DATA SUPPLIED
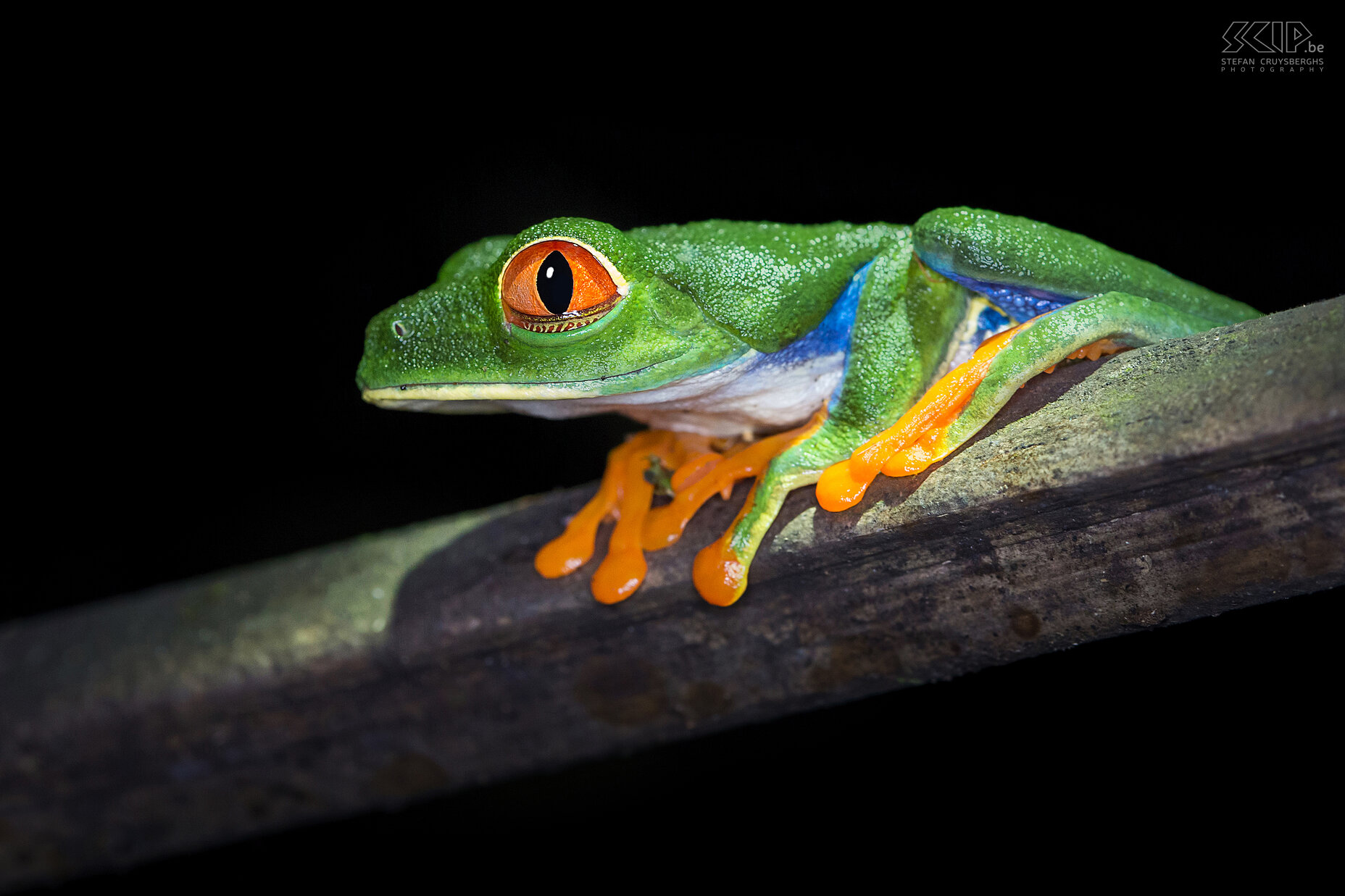 La Selva - Red-eyed tree frog A wonderful red-eyed tree frog (agalychnis callidryas) in the nature reserve of La Selva Biological station during a night tour with a guide. This noctural tree frog has red eyes with vertically narrowed pupils, orange feet and a vibrant green body with yellow and blue vertically striped sides. They are active at night and they eat crickets, moths, flies, and other insects. Stefan Cruysberghs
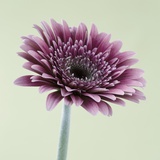 Gerbera rose Photographie par Clive Nichols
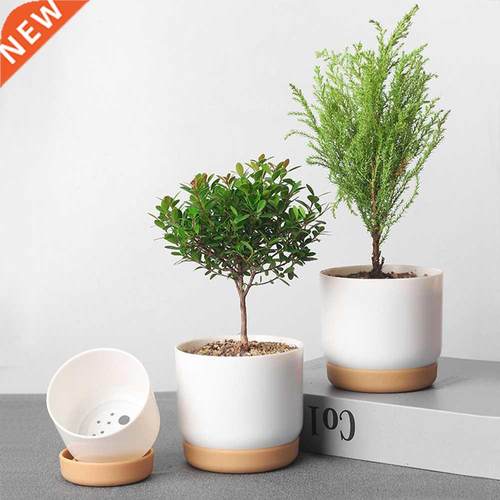 Self Watering Flowerpot Automatic Water Absorption Succulent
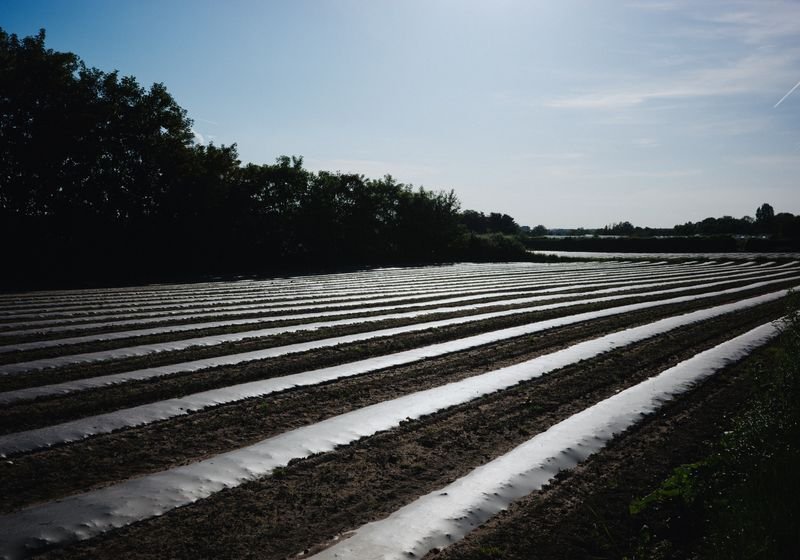Agricultural Films & Mulch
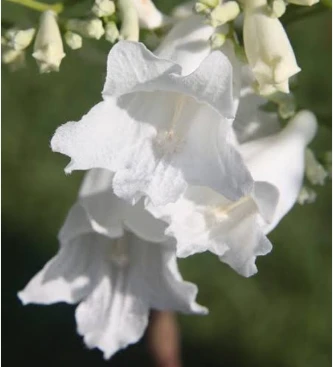 Jacaranda GRAFTED WHITE
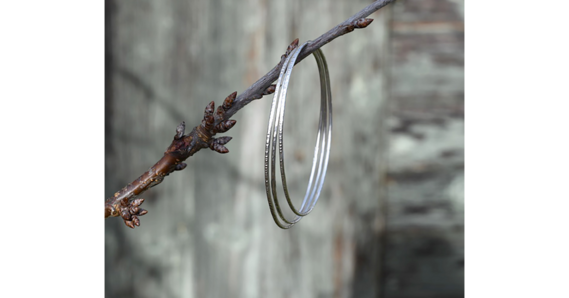 Three metal bangles hanging off a branch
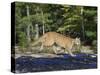 Captive Mountain Lion Crossing a Stream, Minnesota Wildlife Connection, Minnesota, USA-James Hager-Stretched Canvas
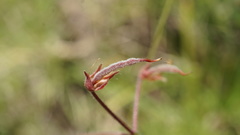 Desmodium molliculum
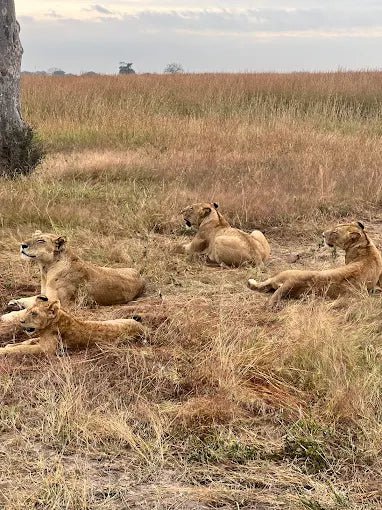 Zanzibar: 3 - Days Mikumi Safari and Big Five Adventure by Ferry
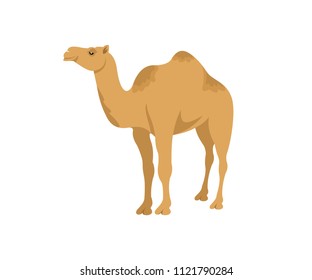 Camel Isolated On White Background Stock Photo (Edit Now) 1221264274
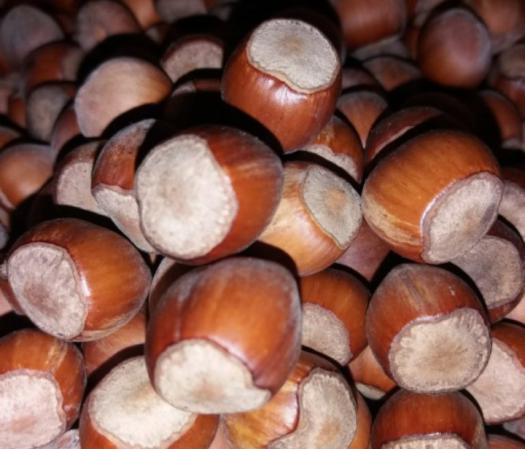 با فندق سرشار از آنتی اکسیدان شوید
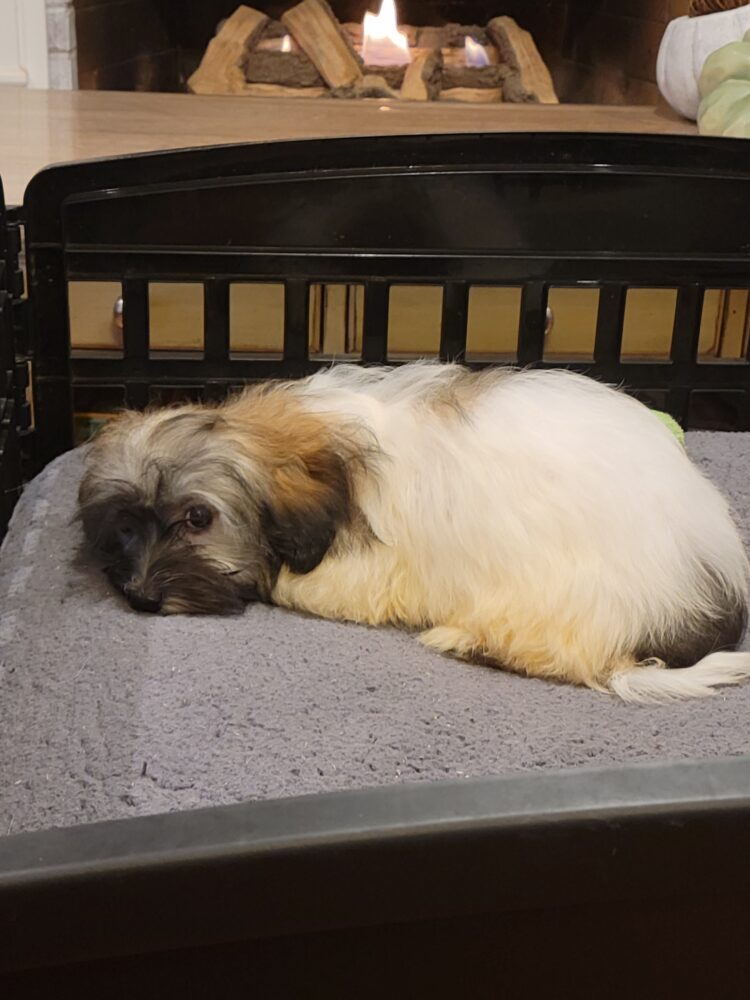 Heidi's Female #3 Born 6-30-23 $2275 is reserved for Leon & Janice in Georgia! - Image 40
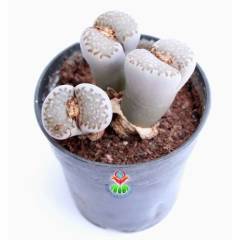 Dev Boy Lithops Dinteri Kahverenk-Nadir Tür Sarı Renk Çiçek Açar-10 cm Saksıda 3 lü Dev Lithops
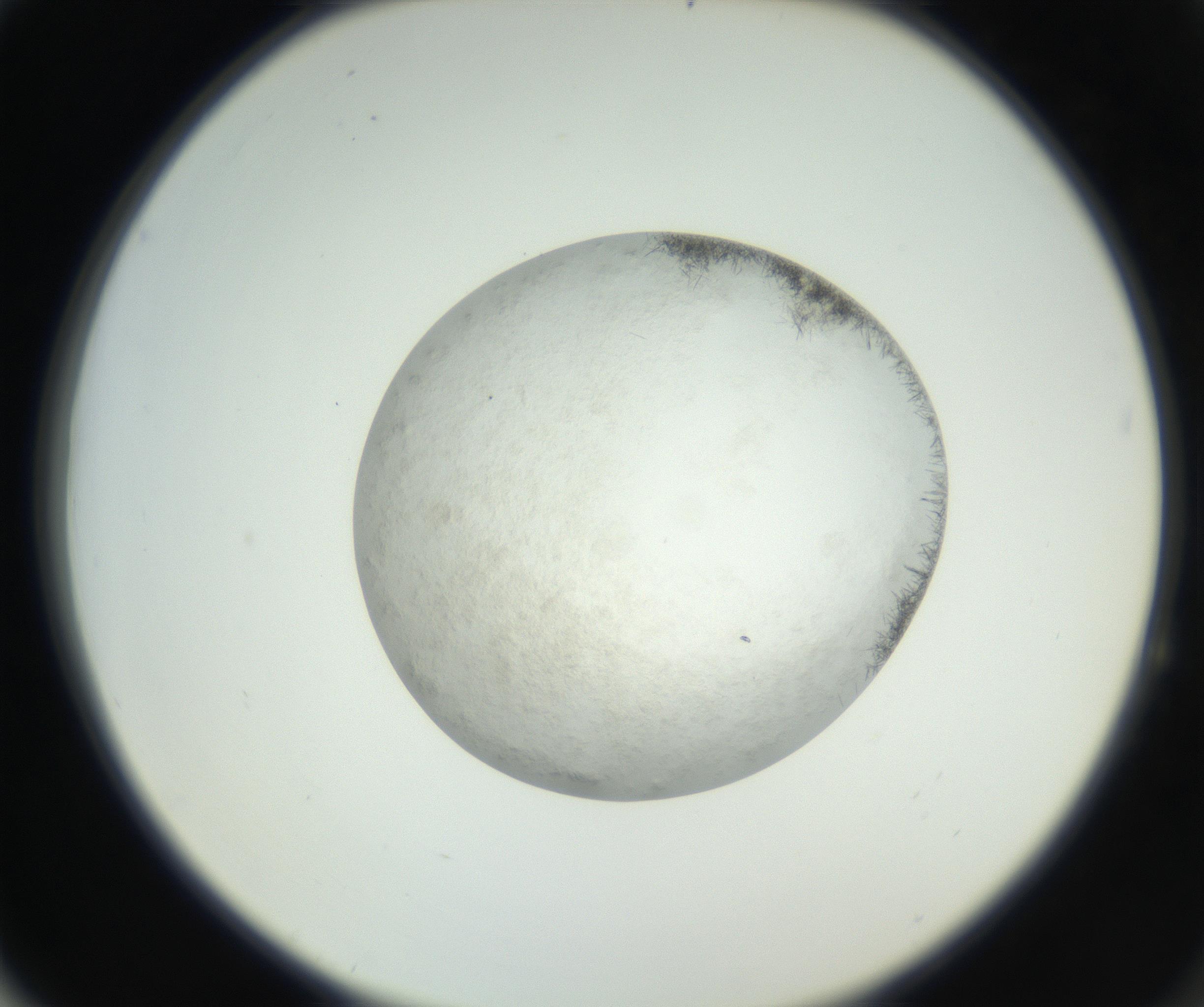 RI01_03_000_0212_Proj1_Clon1_MC_0000MC102632_004_160814_04_06_02_00_99_002_001_RAI.jpg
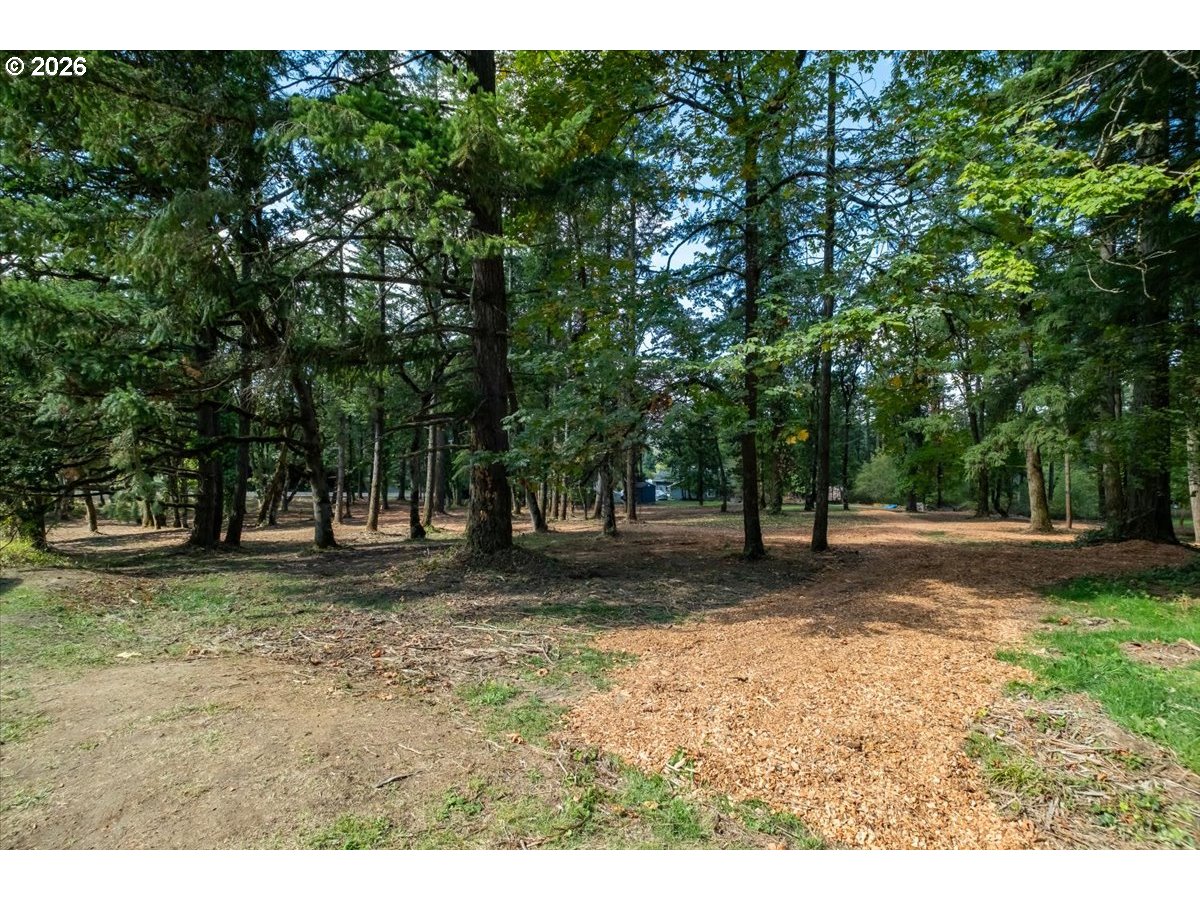 Valley View Dr Dr 1101 Property Photo 3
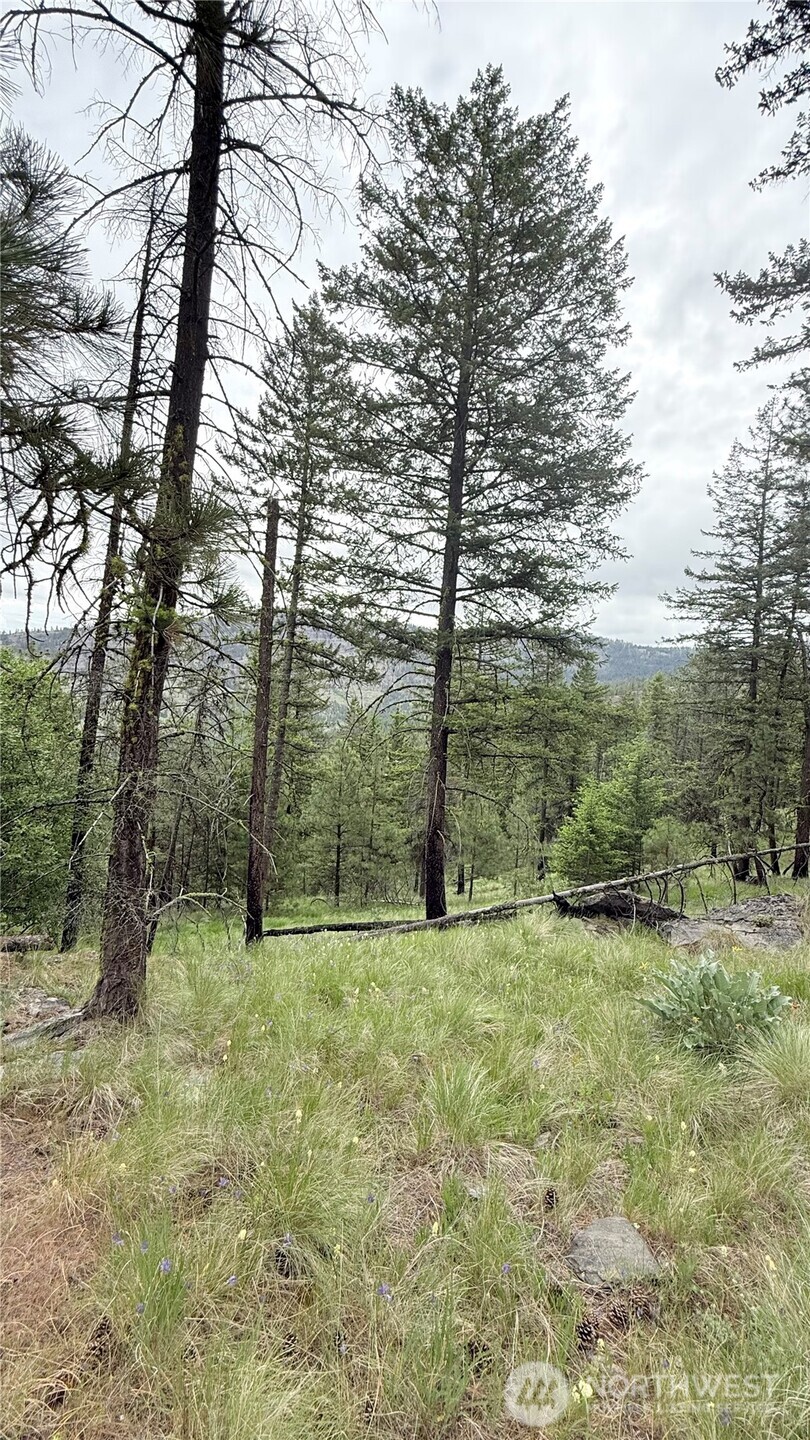 0 Tbd Broken Spoke Road Tonasket WA 98855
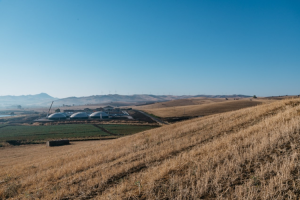 Biogas, l’obiettivo è raggiungere la neutralità carbonica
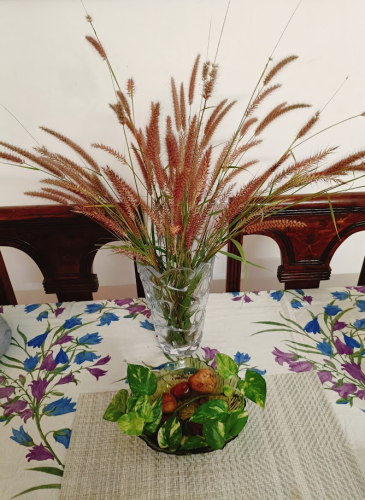 image_1765448058.png
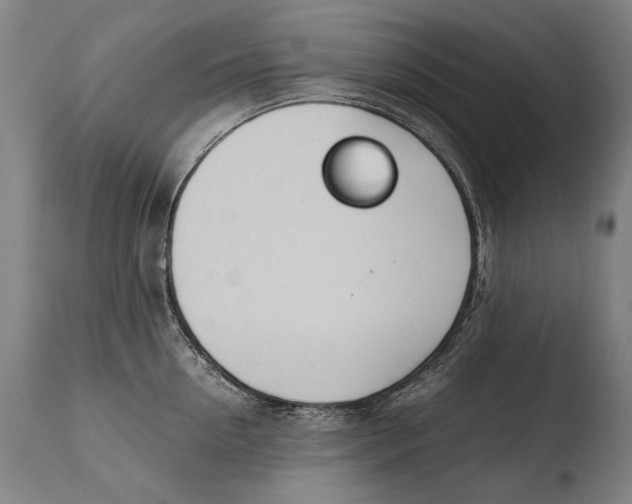 X0000108480954200904241257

WHAT YOU SHOULD DO
Please write out the lines from the one that holds "Valley View Dr Dr 1101 Property Photo 3" through the end of the material, both ends included, exactly and with no pictures.

ANSWER BELOW
 Valley View Dr Dr 1101 Property Photo 3
 0 Tbd Broken Spoke Road Tonasket WA 98855
 Biogas, l’obiettivo è raggiungere la neutralità carbonica
 image_1765448058.png
 X0000108480954200904241257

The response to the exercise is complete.